Caption-style text data:

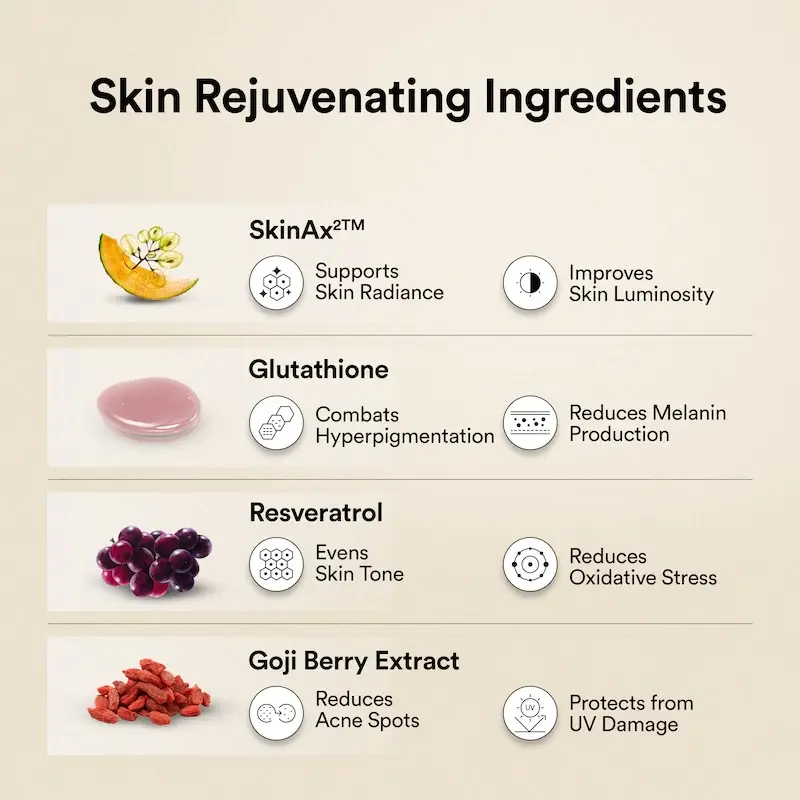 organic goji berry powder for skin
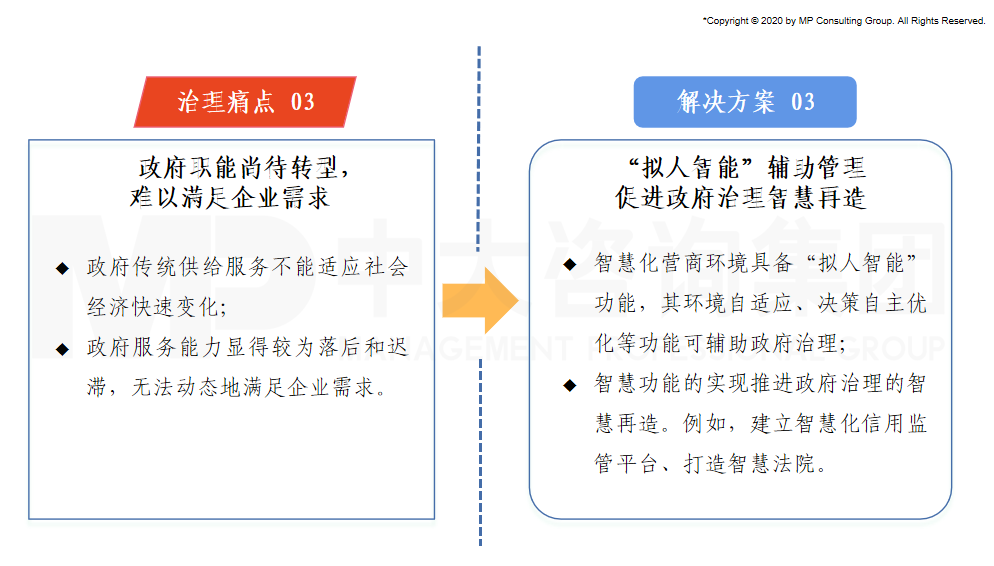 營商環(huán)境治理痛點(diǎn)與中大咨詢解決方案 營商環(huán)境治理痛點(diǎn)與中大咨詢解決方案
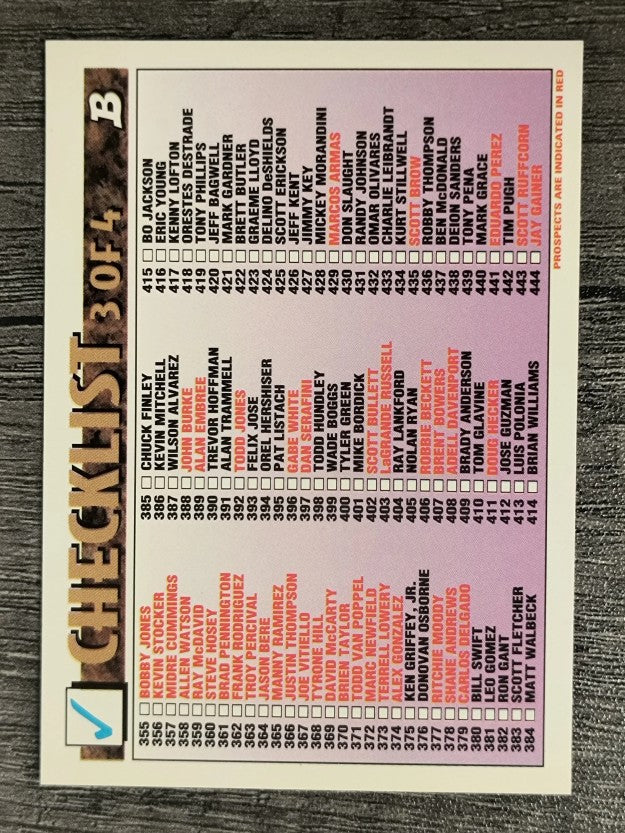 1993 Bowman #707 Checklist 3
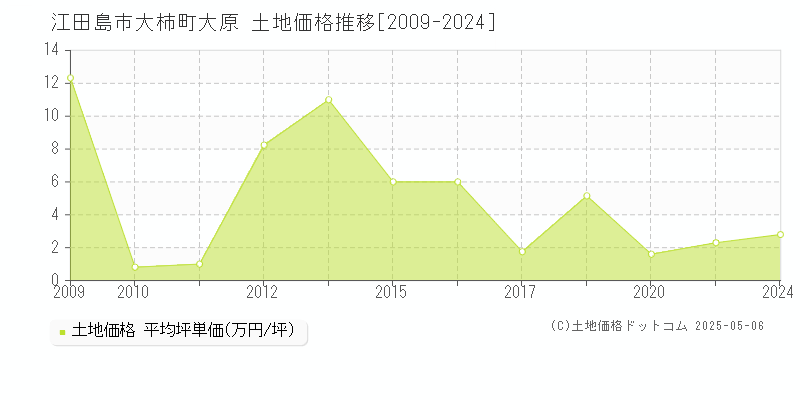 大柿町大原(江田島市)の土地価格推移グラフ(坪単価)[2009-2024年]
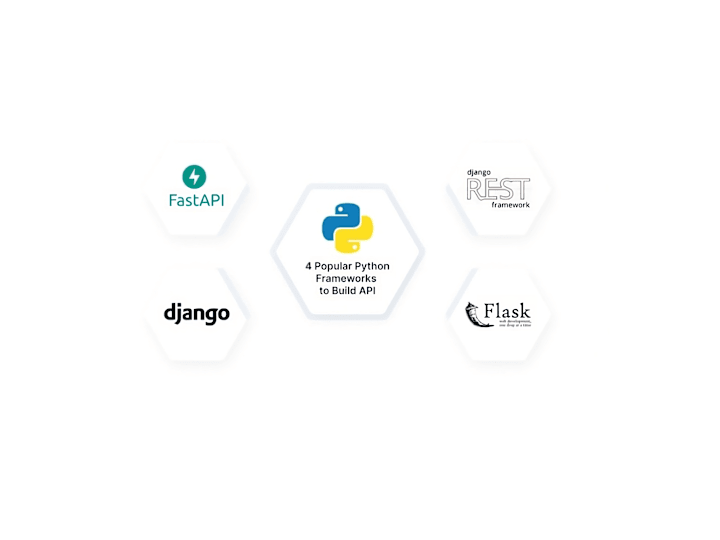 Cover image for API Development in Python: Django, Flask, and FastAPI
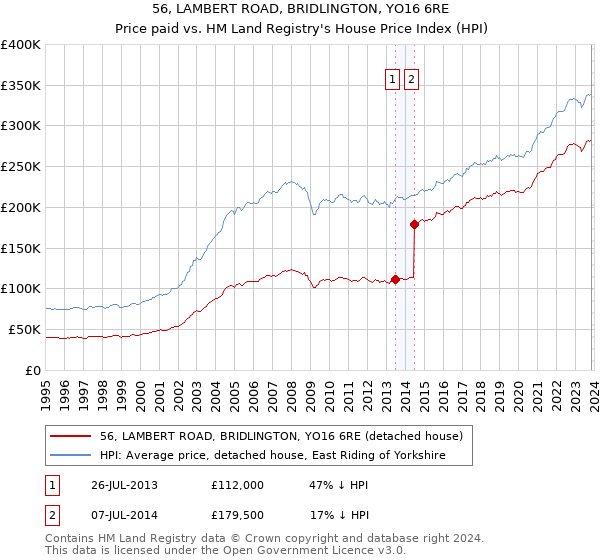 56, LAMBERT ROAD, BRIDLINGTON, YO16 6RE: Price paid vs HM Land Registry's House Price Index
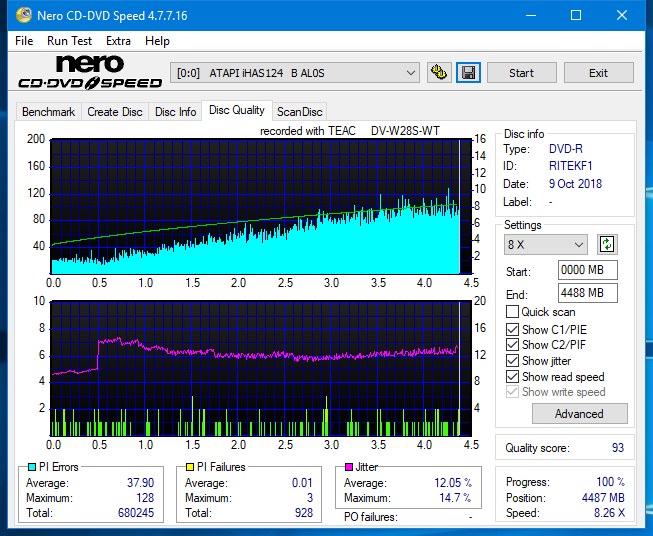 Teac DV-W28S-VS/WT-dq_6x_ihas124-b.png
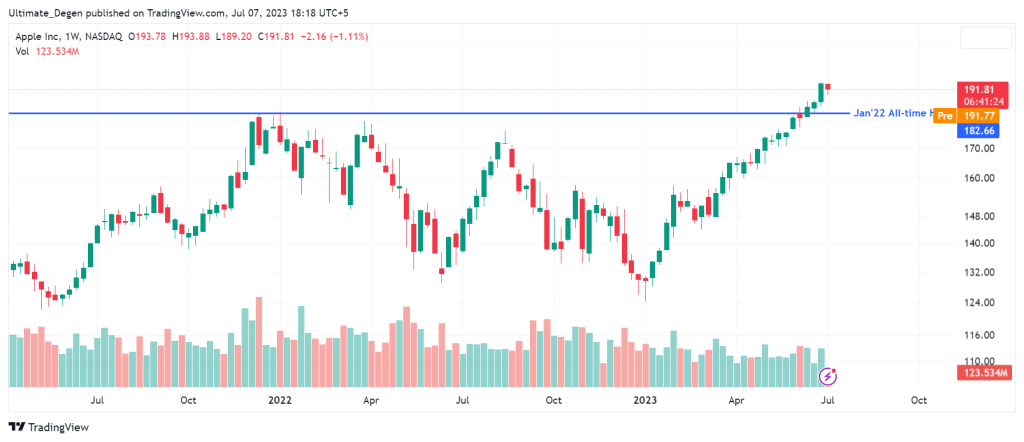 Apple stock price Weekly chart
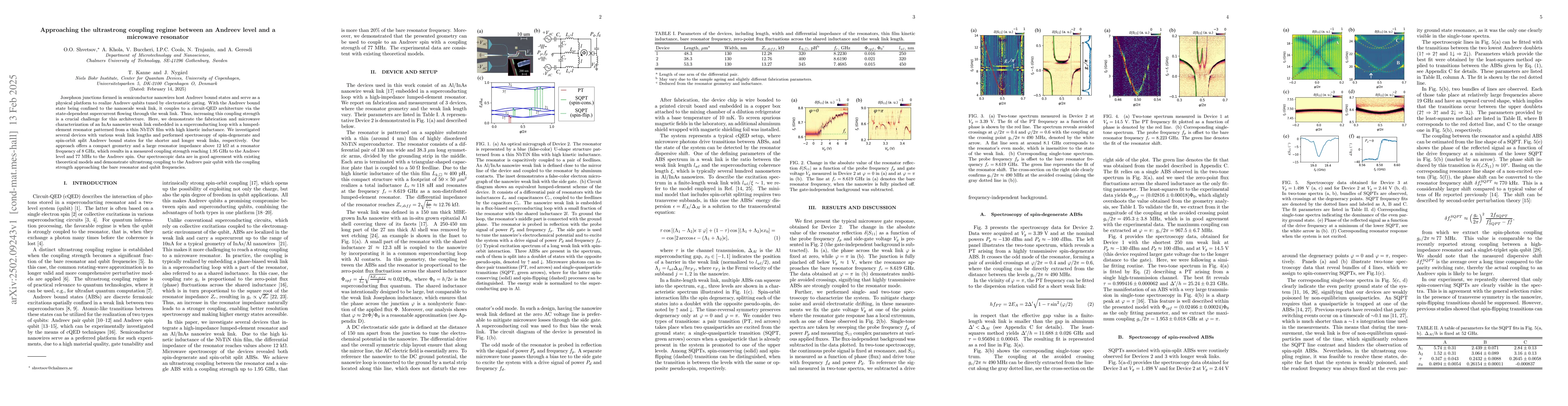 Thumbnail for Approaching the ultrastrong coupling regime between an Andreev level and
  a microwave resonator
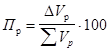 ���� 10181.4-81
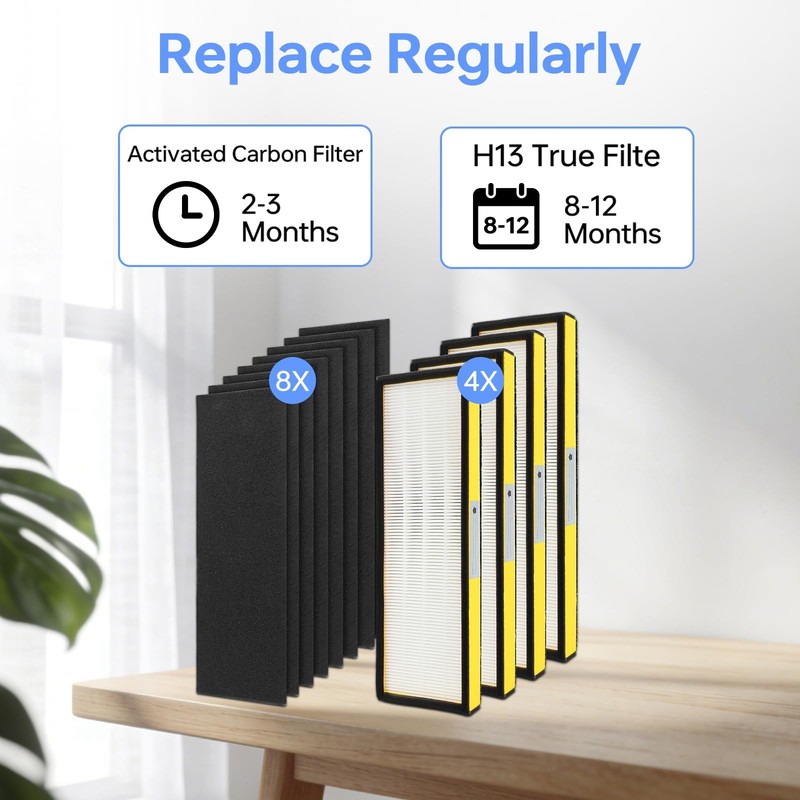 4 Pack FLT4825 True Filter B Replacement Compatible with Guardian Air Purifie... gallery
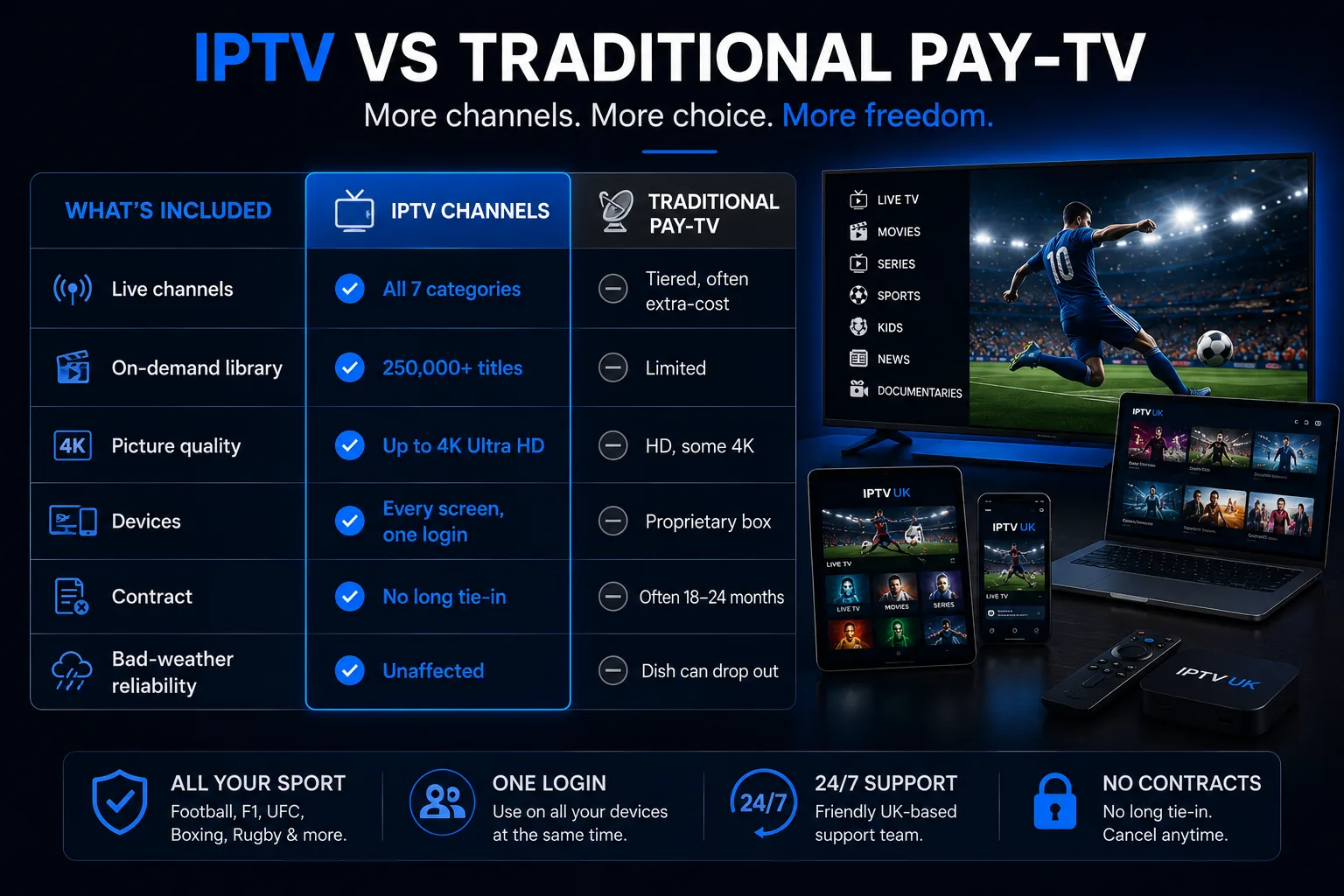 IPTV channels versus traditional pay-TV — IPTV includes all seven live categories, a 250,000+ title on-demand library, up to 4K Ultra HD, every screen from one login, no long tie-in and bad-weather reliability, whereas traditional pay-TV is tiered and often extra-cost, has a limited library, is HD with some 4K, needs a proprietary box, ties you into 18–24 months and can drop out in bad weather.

▶ **REQUIREMENT**
Here the lines from the one with "a microwave resonator" through the last line of the data above need to be repeated exactly, both included, and any picture omitted.

▶ **WRITTEN REPLY**
  a microwave resonator
 ���� 10181.4-81
 4 Pack FLT4825 True Filter B Replacement Compatible with Guardian Air Purifie... gallery
 IPTV channels versus traditional pay-TV — IPTV includes all seven live categories, a 250,000+ title on-demand library, up to 4K Ultra HD, every screen from one login, no long tie-in and bad-weather reliability, whereas traditional pay-TV is tiered and often extra-cost, has a limited library, is HD with some 4K, needs a proprietary box, ties you into 18–24 months and can drop out in bad weather.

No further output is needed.